Bangladesh, situated in South
Asia, emerged as a unitary and independent country
on December 16, 1971. It is a country of 1,47,
570 square kilometers and around 147 million people
(World Population Data Sheet, 2006) with the highest
population density (839 per km2) in the world
(U.S. Department of State, 2004). The people of
Bangladesh are mostly poor and it is well known
for its rapid population growth. Just over 25%
of its total population lives in urban areas and
the rest (75%) lives in rural areas (Slums of
Urban Bangladesh: Mapping and Census, 2005). Life
expectancy at birth is 61 years for male and 62
years for female (World Population Data Sheet,
2006).
The World Health Organization
(WHO) launched the Expanded Program on Immunization
(EPI) in 1974. The program focused on tackling
major childhood diseases: measles, tuberculosis,
pertussis (whooping-cough), diphtheria, tetanus
and poliomyelitis, aimed at universal immunization
of children against all the above- mentioned diseases
by 1990. Under the EPI, a child is likely to receive
one dose of BCG for protection against tuberculosis,
three doses of DPT (diphtheria, pertussis and
tetanus), three doses of OPV for poliomyelitis
protection and one dose of measles vaccine by
his/her first birthday.
Children are the future assets
of a country. Women are the heart of development;
they rear and bear the children. The study conducted
in Ludhina slums has found that there is a significant
relationship between education as well as poverty
with the acceptance of complete immunization (Panda
et al., 1993). De Partha and Bhattacharya (2002)
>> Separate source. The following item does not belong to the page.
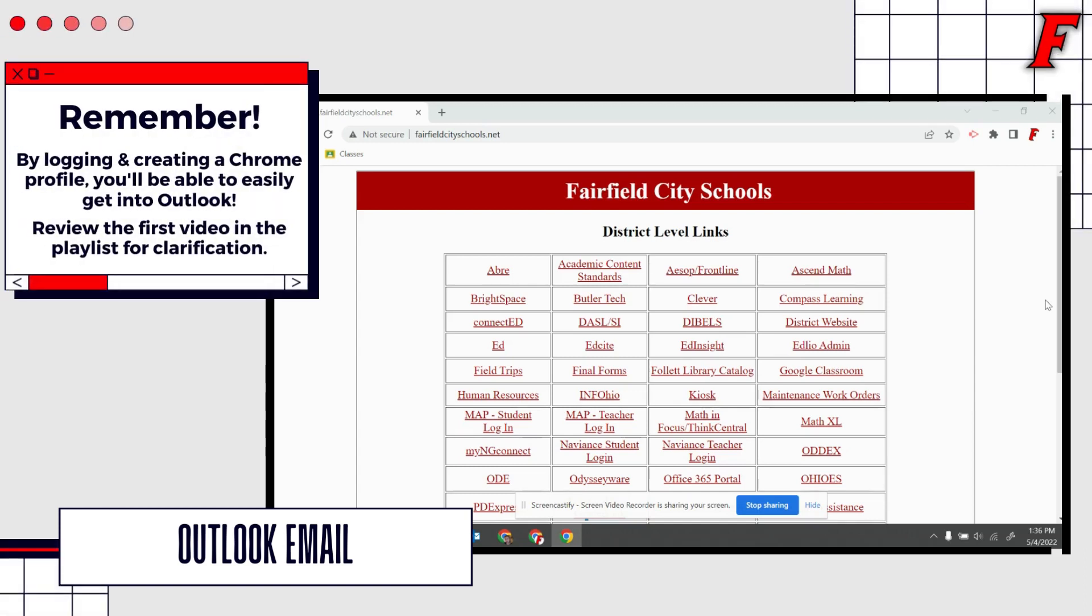Hello! Another website that you will hopefully find yourself using frequently is your office email. The office email is through Microsoft and you can exchange emails with your teachers and your club advisors. You might need to check emails from textbook companies or websites that your teacher has had you sign up for.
have shown that those mothers, who have gone for
prenatal care and delivery care after giving birth,
are most likely to immunize their child. Different
studies have shown that the adoption/practices
of immunization of pregnant women and children
is positively and significantly correlated with
the educational status and income of the mothers/parents
(Kaur and Narwal, 1988; Srivastava and Saksena,
1988; Viswnathan and Rohed, 1990). This is due
to the linkage between education and income with
awareness and knowledge of all types of vaccination
and also motivation of the people (Roy et al.,
1988).
A survey conducted in the slums
of Indore provides evidence that access to essential
services, such as delivery and immunization, is
different across different categories of slums:
complete immunization was 34%, 45% and 49% for
the most vulnerable, moderately vulnerable and
others, while the percentage of home deliveries
were 69, 50 and 38 for those respectively (Environmental
Health Project-India, 2004).
The EPI is considered a successful
story in Bangladesh because of its remarkable
progress during the past 20 years. Immunization
was started in Bangladesh in 1979 with the partnership
effort between the Government of Bangladesh and
the Non Government Organizations (NGOs) under
the active initiative of WHO and UNICEF to combat
six vaccine preventable diseases with the objective
of reducing morbidity, mortality and disabilities
occurring due to these diseases, by making free
vaccination services available to all the eligible
children. The EPI provides almost universal access
to immunization services as measured by the percentage
of children under the age of one receiving BCG,
which has increased a mere 2% in 1985 to cover
95% during the year from 1994-2003. However, the
percentage of children under the age of one receiving
all doses of vaccine at the right time and interval
has been maintained only between 50-63% during
the same period due to high dropout rate and invalid
doses and 64% of the 12-23 months old children
were nationally fully immunized with valid doses
of all antigens by 12 months of age (EPI Coverage
Evaluation Survey, 2005). A study conducted in
Bangladesh (Jamil, K Bhuiya A. et al., 1999) showed
that children living in communities where outreach
clinics were further than 2 miles away were 30%
less likely to be immunized than children living
in communities where outreach clinics were within
2 miles.
This research is important
because it will investigate other research and
creates a vast research field to improve programs
on mother-child health and achieve 100% immunization
coverage in Bangladesh. Therefore, the main aim
and objective of this study is to identify the
factors, which are associated with the immunization
coverage.
The data of this study were
collected in 2006 from 8 different slums of 3
wards of Rajshahi City Corporation, Bangladesh.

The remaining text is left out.